• _RECORDS FOR THE EXERCISE_:
==*==

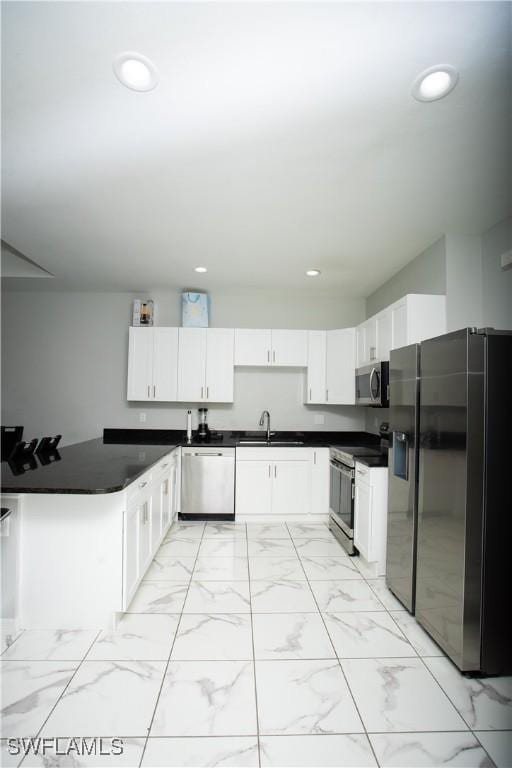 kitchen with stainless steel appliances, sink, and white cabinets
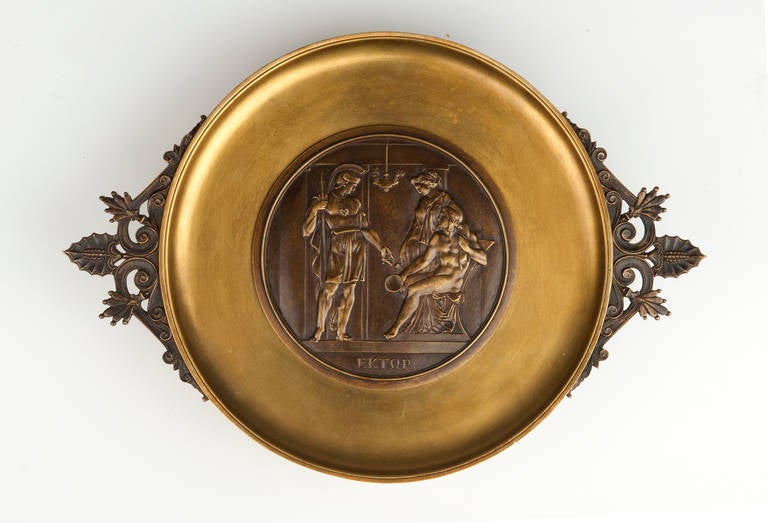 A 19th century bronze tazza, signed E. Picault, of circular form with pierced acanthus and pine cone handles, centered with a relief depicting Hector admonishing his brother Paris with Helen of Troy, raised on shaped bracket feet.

==*==

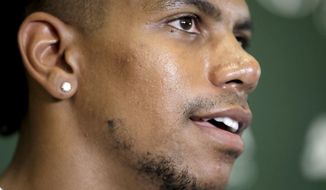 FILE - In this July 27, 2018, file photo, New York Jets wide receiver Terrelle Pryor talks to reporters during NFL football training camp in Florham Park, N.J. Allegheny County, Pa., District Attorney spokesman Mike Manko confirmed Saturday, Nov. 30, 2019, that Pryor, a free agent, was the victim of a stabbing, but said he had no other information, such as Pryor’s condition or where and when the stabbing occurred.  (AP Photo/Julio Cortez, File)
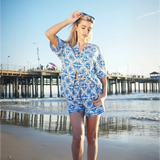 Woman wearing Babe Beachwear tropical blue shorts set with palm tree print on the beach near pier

==*==

• _WHAT IS EXPECTED_: Within the listing above, write out the stretch from the line with "FILE - In this" through the line with "Woman wearing Babe" exactly. Any pictures are to be left out.

• _TASK SOLUTION_:
 FILE - In this July 27, 2018, file photo, New York Jets wide receiver Terrelle Pryor talks to reporters during NFL football training camp in Florham Park, N.J. Allegheny County, Pa., District Attorney spokesman Mike Manko confirmed Saturday, Nov. 30, 2019, that Pryor, a free agent, was the victim of a stabbing, but said he had no other information, such as Pryor’s condition or where and when the stabbing occurred.  (AP Photo/Julio Cortez, File)
 Woman wearing Babe Beachwear tropical blue shorts set with palm tree print on the beach near pier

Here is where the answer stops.